§ **WORK INSTRUCTION**:
Begin at the line containing "Hello everyone, welcome" in the records below, end at the line containing "Howdy folks. This", and retype each line in that span exactly. No other line and no image should appear.
━━ DATA FOR THIS EXERCISE ━━
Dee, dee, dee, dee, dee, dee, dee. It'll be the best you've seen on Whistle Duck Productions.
━━━
━━ DATA FOR THIS EXERCISE ━━
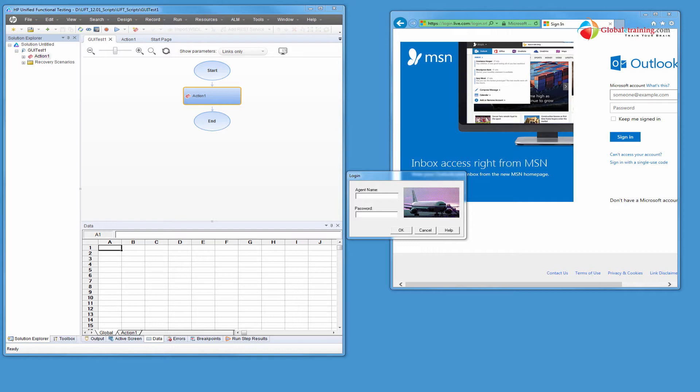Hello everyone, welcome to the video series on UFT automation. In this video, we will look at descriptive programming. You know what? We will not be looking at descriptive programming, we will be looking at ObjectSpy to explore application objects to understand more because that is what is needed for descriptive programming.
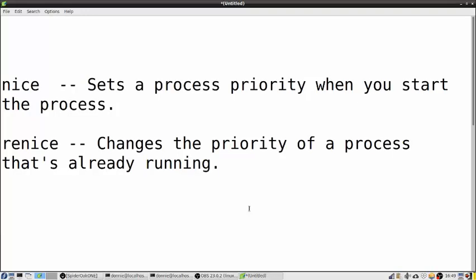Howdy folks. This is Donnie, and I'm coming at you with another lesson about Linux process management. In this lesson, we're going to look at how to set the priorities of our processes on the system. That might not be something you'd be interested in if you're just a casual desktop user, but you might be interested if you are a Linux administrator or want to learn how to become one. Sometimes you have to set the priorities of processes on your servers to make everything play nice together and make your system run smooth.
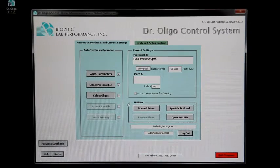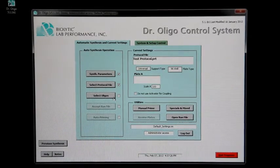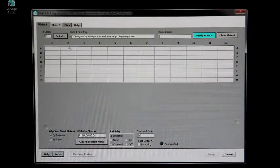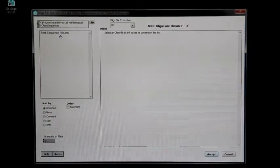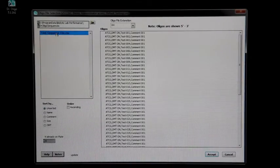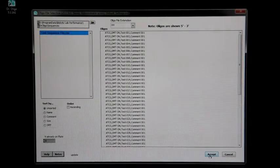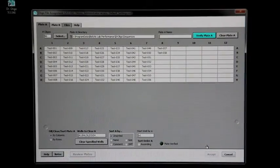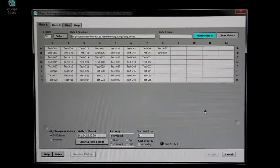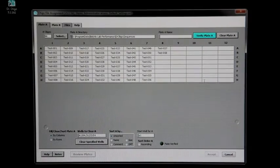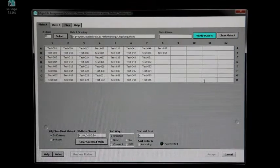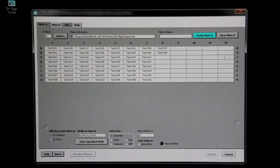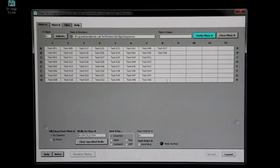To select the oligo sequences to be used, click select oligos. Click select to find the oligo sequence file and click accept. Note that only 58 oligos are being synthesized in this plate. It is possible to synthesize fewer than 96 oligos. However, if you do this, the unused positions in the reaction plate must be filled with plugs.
━━━
━━ DATA FOR THIS EXERCISE ━━
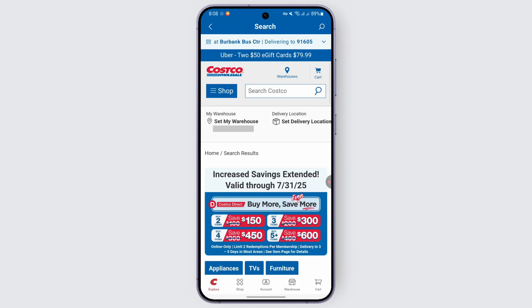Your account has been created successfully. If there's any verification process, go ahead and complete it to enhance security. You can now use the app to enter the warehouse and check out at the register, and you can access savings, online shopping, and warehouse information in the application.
━━━
§ **SOLUTION**:
Hello everyone, welcome to the video series on UFT automation. In this video, we will look at descriptive programming. You know what? We will not be looking at descriptive programming, we will be looking at ObjectSpy to explore application objects to understand more because that is what is needed for descriptive programming.
Howdy folks. This is Donnie, and I'm coming at you with another lesson about Linux process management. In this lesson, we're going to look at how to set the priorities of our processes on the system. That might not be something you'd be interested in if you're just a casual desktop user, but you might be interested if you are a Linux administrator or want to learn how to become one. Sometimes you have to set the priorities of processes on your servers to make everything play nice together and make your system run smooth.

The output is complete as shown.